I had a display scratch in one of my Thinkpads on a business trip somewhere abroad. Called the service hotline and they sent me a guy with a new display into my hotel room the next day. He swapped the components on site.

On another occasion (before the internet era) i needed an Ethernet driver. IBM sent a guy with the CDs to my office within hours.

This service level cost me about 200 dollars for three years. How much does the "world class" Apple Care cost for a Macbook Pro and what do you get for it ?

This.

This is a great partnership and all-around good for Apple in their making a real foray into the enterprise market.

You guys mocking it just don't realize.
Rating: 6 Votes
21 months ago

How sad for IBM, now they are just Apple's repair guy.

Thank god I sold their stocks year ago.


I don't feel bad for them, they're still doing well. I do wish they hadn't sold their Point -of-Sale hardware division. Their hardware still reigns king in major retailers and restaurants across the country. I still see new establishments installing IBM surePOS 500 systems. Keep in mind, Toshiba now owns the new division, which means customers are buying refurbished IBM hardware, instead of buying the newer Toshiba systems.
Rating: 3 Votes
21 months ago
I don't think that was what he meant?

I think he was talking about actually USING an AppleCare warranty to get a corporate Mac or product serviced.

We run into that nonsense all the time where I work. We purchase extended AppleCare on new machines for employees when we first order them (often from a vendor like CDW).
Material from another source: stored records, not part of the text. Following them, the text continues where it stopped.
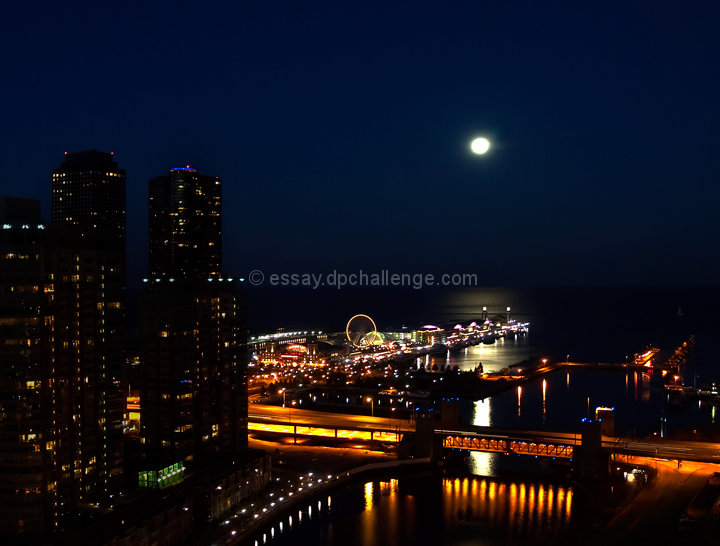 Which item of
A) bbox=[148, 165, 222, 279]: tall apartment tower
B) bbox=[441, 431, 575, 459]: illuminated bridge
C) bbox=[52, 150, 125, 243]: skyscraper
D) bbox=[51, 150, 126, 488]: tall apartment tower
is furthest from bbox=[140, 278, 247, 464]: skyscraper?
bbox=[148, 165, 222, 279]: tall apartment tower

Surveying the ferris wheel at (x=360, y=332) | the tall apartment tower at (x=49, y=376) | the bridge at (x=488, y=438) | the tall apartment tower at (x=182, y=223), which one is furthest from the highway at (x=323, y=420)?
the ferris wheel at (x=360, y=332)

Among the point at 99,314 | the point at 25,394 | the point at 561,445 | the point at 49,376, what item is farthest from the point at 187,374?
the point at 561,445

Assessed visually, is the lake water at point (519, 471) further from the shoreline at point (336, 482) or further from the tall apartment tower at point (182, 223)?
the tall apartment tower at point (182, 223)

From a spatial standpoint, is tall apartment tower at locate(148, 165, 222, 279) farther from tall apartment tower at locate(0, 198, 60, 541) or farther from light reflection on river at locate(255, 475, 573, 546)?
tall apartment tower at locate(0, 198, 60, 541)

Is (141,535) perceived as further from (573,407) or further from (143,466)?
(573,407)

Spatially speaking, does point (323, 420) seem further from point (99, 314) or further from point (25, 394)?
point (25, 394) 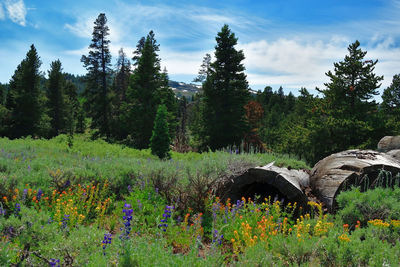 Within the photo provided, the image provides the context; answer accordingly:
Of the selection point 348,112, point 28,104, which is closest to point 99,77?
point 28,104

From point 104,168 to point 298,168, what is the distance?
5106 millimetres

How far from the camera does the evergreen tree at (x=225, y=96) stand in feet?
75.9

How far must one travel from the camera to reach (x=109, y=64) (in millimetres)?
30031

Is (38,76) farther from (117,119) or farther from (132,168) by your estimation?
(132,168)

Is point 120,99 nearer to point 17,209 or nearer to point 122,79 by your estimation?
point 122,79

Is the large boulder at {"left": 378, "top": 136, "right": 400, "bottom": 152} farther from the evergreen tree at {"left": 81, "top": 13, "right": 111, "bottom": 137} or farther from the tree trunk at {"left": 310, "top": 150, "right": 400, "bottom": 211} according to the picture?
the evergreen tree at {"left": 81, "top": 13, "right": 111, "bottom": 137}

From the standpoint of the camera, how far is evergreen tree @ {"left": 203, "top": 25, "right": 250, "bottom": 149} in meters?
23.1

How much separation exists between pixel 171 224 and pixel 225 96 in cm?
2024

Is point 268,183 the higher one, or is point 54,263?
point 268,183

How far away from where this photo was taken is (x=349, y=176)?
550 cm

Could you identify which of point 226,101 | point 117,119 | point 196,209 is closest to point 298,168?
point 196,209

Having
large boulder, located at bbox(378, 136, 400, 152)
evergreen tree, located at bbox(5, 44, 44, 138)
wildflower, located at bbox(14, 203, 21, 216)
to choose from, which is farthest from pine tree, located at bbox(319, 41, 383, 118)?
evergreen tree, located at bbox(5, 44, 44, 138)

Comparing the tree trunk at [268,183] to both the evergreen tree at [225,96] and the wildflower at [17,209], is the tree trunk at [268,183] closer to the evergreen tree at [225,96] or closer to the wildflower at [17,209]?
the wildflower at [17,209]

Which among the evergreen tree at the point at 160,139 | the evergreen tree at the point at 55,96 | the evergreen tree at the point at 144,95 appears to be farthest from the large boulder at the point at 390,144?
the evergreen tree at the point at 55,96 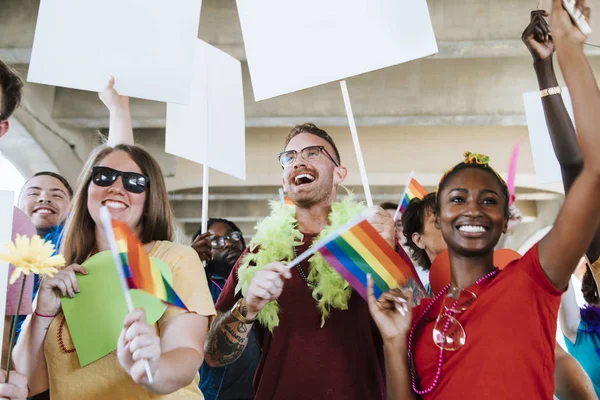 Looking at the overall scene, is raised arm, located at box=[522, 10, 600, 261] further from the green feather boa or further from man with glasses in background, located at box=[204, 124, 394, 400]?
the green feather boa

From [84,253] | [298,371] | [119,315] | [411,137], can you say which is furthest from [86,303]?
[411,137]

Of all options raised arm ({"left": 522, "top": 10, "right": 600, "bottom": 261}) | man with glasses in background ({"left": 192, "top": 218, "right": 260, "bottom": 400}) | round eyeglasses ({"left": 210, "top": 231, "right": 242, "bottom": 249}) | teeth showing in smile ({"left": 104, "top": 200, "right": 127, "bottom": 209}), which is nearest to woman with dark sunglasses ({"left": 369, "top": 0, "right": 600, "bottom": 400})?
raised arm ({"left": 522, "top": 10, "right": 600, "bottom": 261})

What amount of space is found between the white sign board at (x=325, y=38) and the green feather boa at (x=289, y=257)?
499 millimetres

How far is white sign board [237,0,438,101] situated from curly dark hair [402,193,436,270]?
3.20ft

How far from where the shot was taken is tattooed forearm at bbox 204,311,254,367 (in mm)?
2283

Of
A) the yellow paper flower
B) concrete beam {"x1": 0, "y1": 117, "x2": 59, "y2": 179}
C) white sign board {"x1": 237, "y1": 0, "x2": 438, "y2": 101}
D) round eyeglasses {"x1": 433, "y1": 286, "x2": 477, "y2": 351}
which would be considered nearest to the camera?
the yellow paper flower

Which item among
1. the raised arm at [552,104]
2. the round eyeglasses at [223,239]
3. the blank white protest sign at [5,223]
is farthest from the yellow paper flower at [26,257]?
the round eyeglasses at [223,239]

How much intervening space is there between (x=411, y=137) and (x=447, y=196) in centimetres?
821

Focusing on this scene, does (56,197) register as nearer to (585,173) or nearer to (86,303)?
(86,303)

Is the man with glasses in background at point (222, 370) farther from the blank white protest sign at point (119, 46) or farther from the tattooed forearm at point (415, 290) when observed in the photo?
the tattooed forearm at point (415, 290)

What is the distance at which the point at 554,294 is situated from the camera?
6.03ft

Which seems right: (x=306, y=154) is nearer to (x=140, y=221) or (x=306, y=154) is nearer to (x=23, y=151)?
(x=140, y=221)

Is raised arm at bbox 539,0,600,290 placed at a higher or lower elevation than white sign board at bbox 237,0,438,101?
lower

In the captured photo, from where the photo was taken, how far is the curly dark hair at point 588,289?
2.75 metres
No problem there, and we even get a discounted price.

The problem is, when someone comes in and hands us a Macbook Air with a dead screen, screaming "Help! I need this back up and running ASAP!"

Unlike service agreements from companies like Dell, we can't just call and have a technician come out on site the next day to repair it. One of us is expected to hand deliver the machine to a local Apple store AFTER making a Genius Bar appointment for it first. Sometimes, if they're busy ... that may be several days out.

THEN, you have to sit through the Apple Genius troubleshooting things (steps you've likely already taken since you work in corporate I.T. and have a pretty good idea what to do to get someone's Mac going again). After that, they may fix the machine in-house, but depends if that store happens to have the repair part(s) needed. If not, they send it out for service with a, "Dunno when it will be back... but we'll call you when it's ready to pick up." promise. When it's fixed? You better bring a major credit card or other form of payment too. They're not gonna just let you pick it up and bill the repair to a corporate account with NET terms.

Oh, and almost forgot ... Apple will also caution you that you might lose any data on the machine as part of the repair. (Why on earth they'd touch what's on the hard drive when the problem is clearly the LCD display, I have no clue ... but they do warn you of exactly that for this type of repair!)

All the way around, it's the type of service that's fine for a typical retail consumer ... but clashes with the needs of corporate I.T.

You can buy applecare from amazon or ebay. The seller will email you the registration number. You won't get the physical stupid box but that's not needed if you have the registration number. The box is just an extra tree that was cut down anyway. It's way way cheaper through those websites as well.